Work order: Output, exactly and in full, only the lines from the one containing "some blue and" to the last line of the data. Pictures should not appear.

Captioned web images:
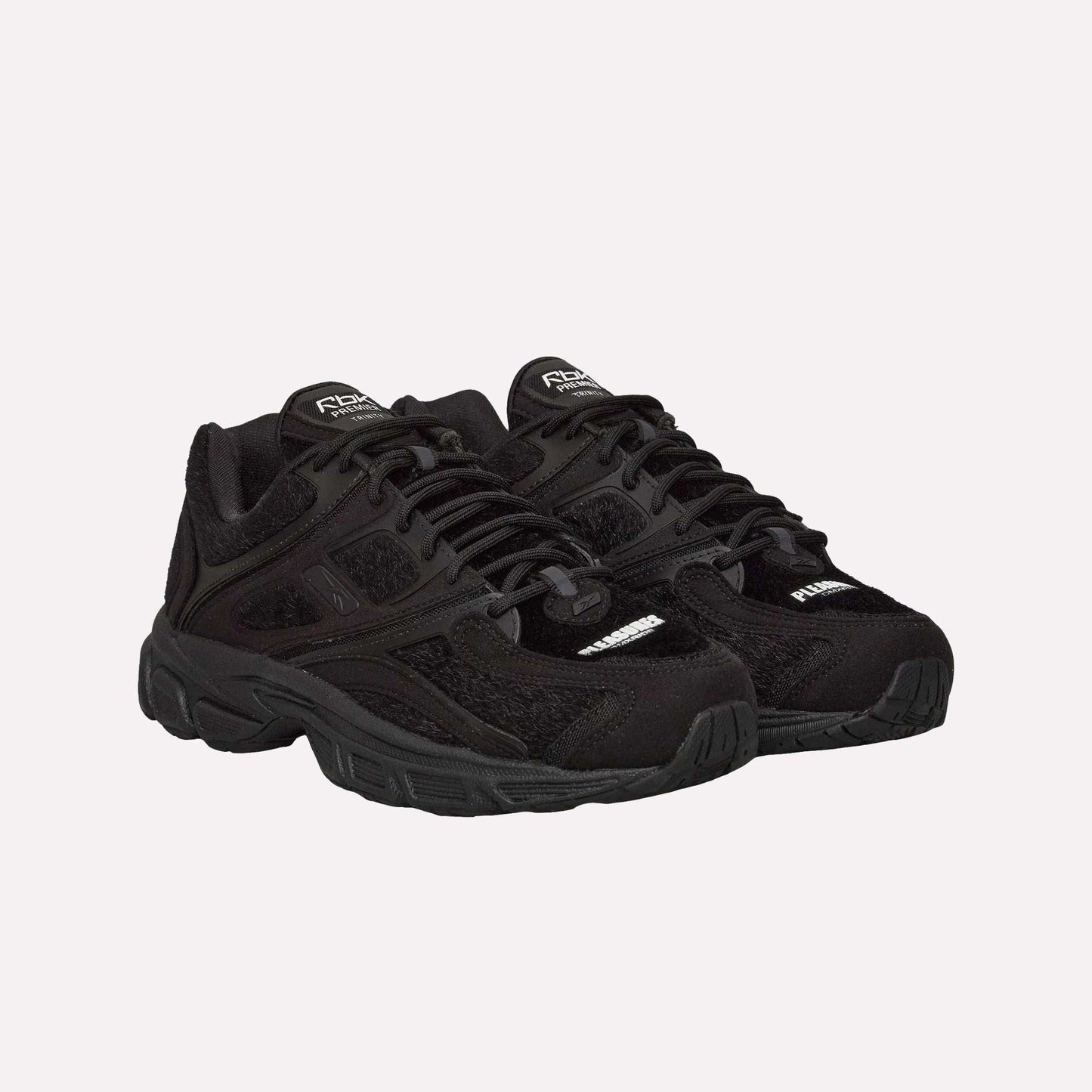 The Reebok Pleasures Premier Trinity KFS Shoes are black athletic sneakers with thick soles, mesh accents, and a unique pony hair upper, displayed on a plain light blue background.
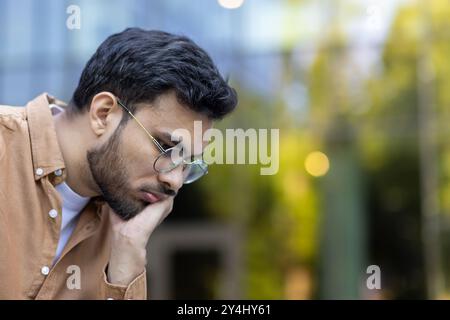 Nachdenklicher Mann mit Brille und braunem Hemd schaut nachdenklich nach unten und vermittelt Kontemplation und Konzentration. Die urbane Umgebung im Hintergrund verbessert die Stimmung der Introspektion und des Fokus. Stockfoto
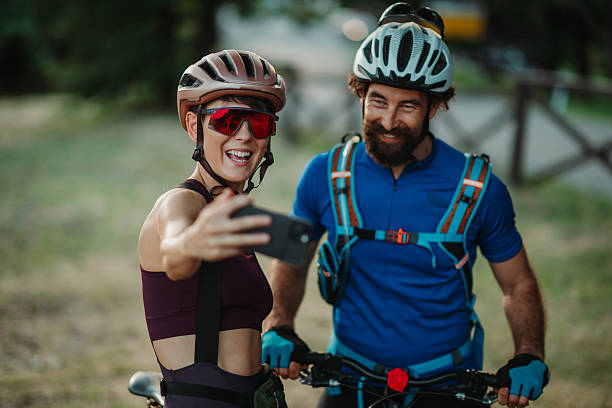 istock Smiling cyclists taking a selfie after a bike ride 2233083345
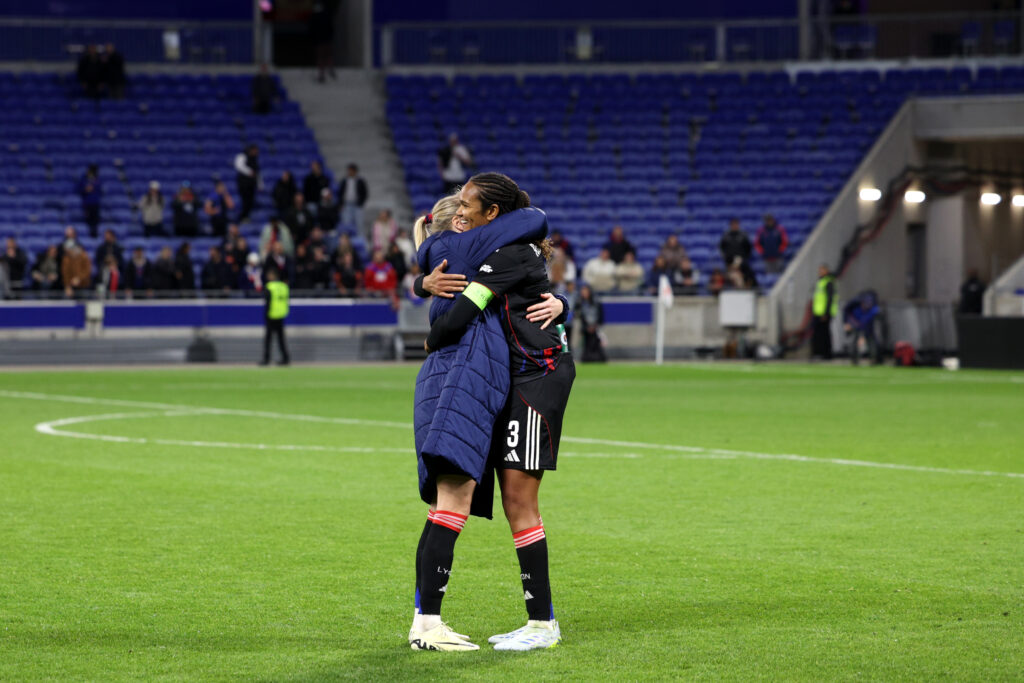 DECINES-CHARPIEU, FRANCE - APRIL 02: Wendie Renard of OL Lyonnes celebrates with team mate Ada Hegerberg following victory in the UEFA Women's Champions League 2025/26 Quarter-finals Second Leg match between OL Lyonnes and VfL Wolfsburg at OL Stadium on April 02, 2026 in Decines-Charpieu, France. (Photo by Pauline Figuet/Getty Images)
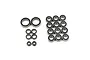 A collection of various sized rubber shielded ball bearings for RC cars arranged on a white background.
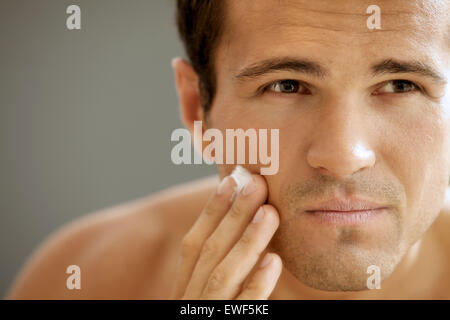 Close-up of young man applying shaving cream Banque D'Images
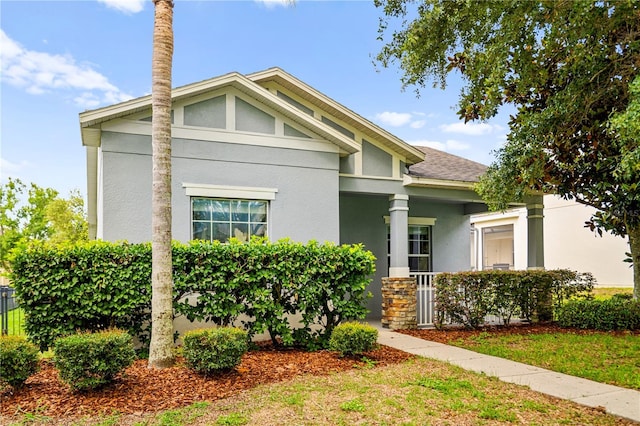 2125 Shackley Pl, Apopka, FL 32703 - view of front facade with stucco siding, a porch, and roof with shingles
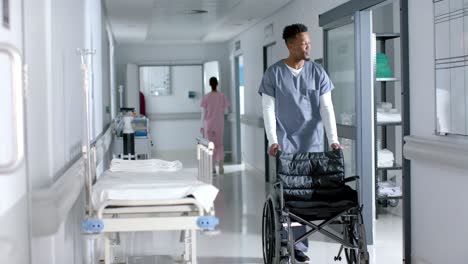 african american male doctor walking and pushing wheelchair in corridor at hospital, slow motion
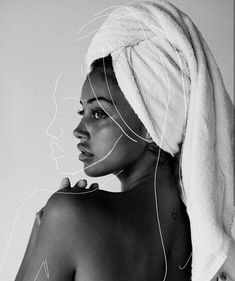 a black and white photo of a woman with a towel on her head looking to the side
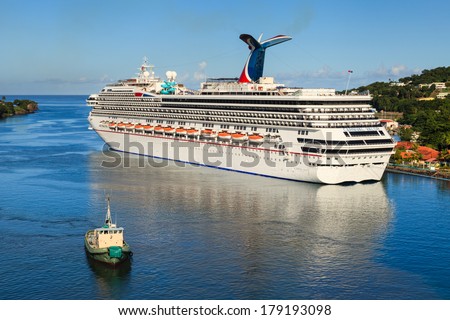 CASTRIES, ST LUCIA - NOVEMBER 7: Cruise ship Carnival Valor docked in Castries on November 7, 2013. The Valor operated by Carnival Cruises whose maiden voyage was in 2004 was built at a cost of $500m.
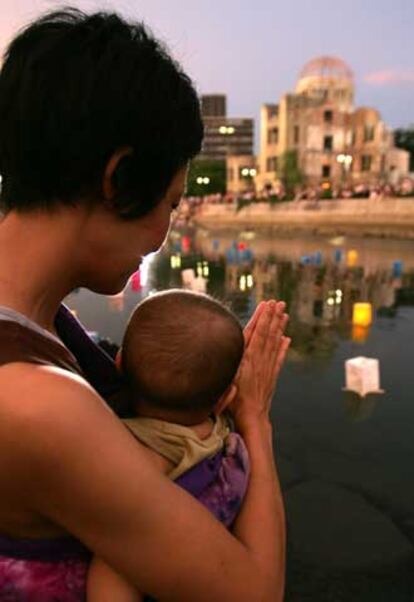 Una mujer japonesa sostiene a su hijo mientras reza por las víctimas de Hiroshima.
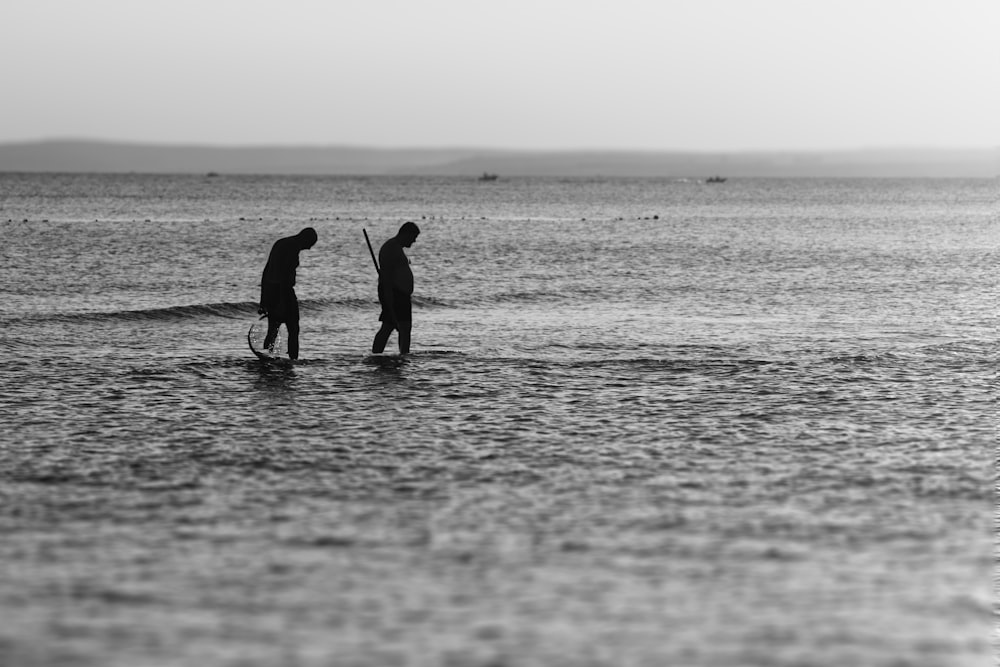 silueta de dos hombres en el cuerpo de agua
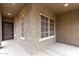 Inviting entryway featuring decorative door, neutral paint, and dark trim on the exterior at 7342 S Debra Dr, Gilbert, AZ 85298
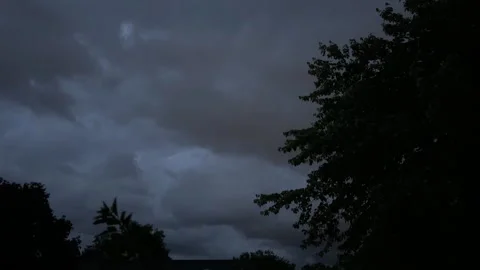 Dark fast moving storm clouds with lightning flashes at night Stock Footage 336807355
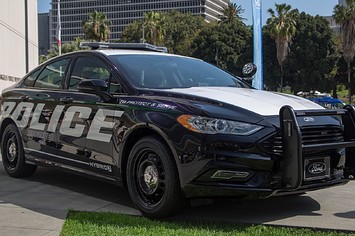 A hybrid police car is seen at the unveiling of two new Ford Fusion hybrid pursuit-rated Police Responder cars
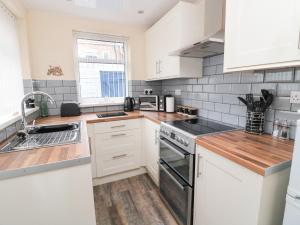 una cocina con armarios blancos y electrodomésticos de acero inoxidable en Sandy Toes Cottage en Newbiggin-by-the-Sea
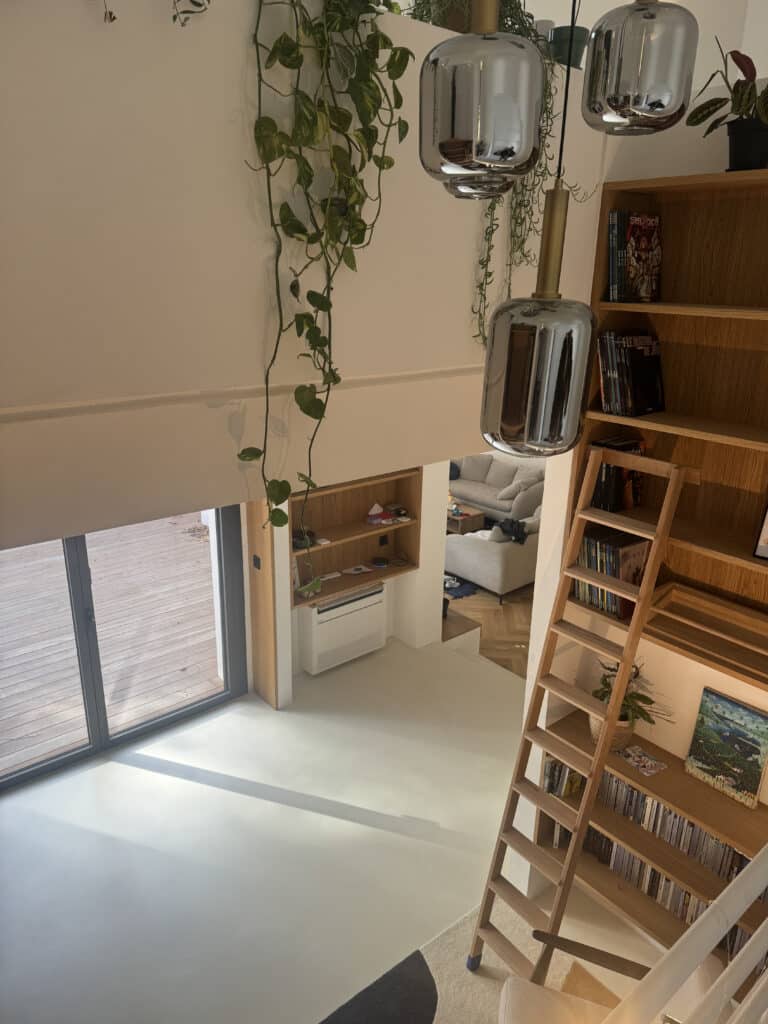 Vue plongeante sur un intérieur moderne avec plantes suspendues, luminaires design, grande bibliothèque et porte-fenêtre donnant sur une terrasse.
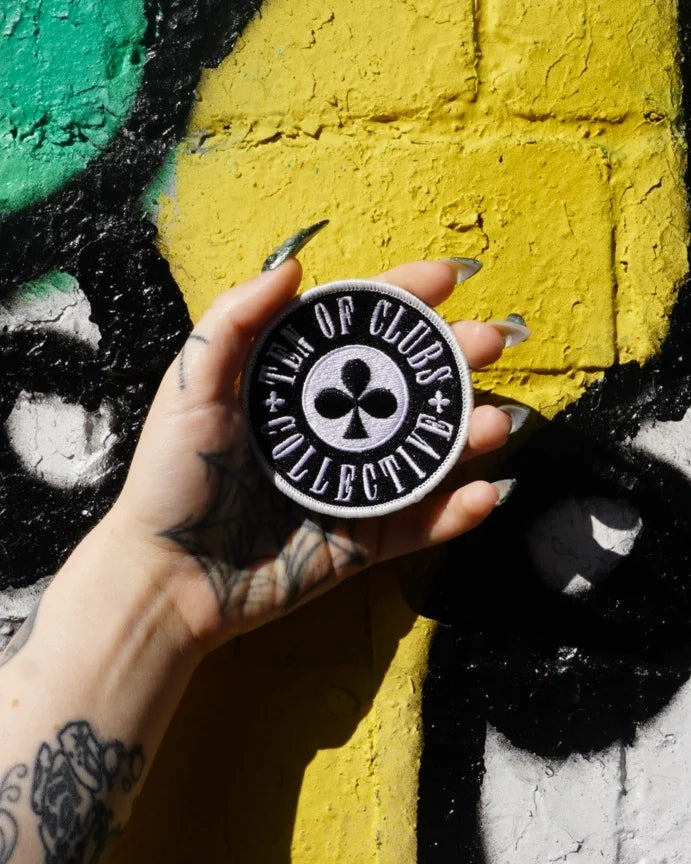 Black and white TEN OF CLUBS Collective embroidered patch held in a tattooed hand against a colourful graffiti wall.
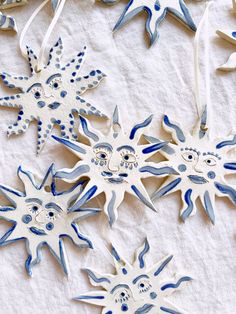 some blue and white ornaments are laying on a tablecloth with other decorations in the shape of snowflakes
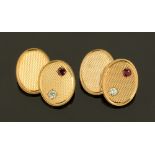 A pair of 9 ct gold cufflinks with chain connections, four engine turned oval plates,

Finished task:
 some blue and white ornaments are laying on a tablecloth with other decorations in the shape of snowflakes
 A pair of 9 ct gold cufflinks with chain connections, four engine turned oval plates,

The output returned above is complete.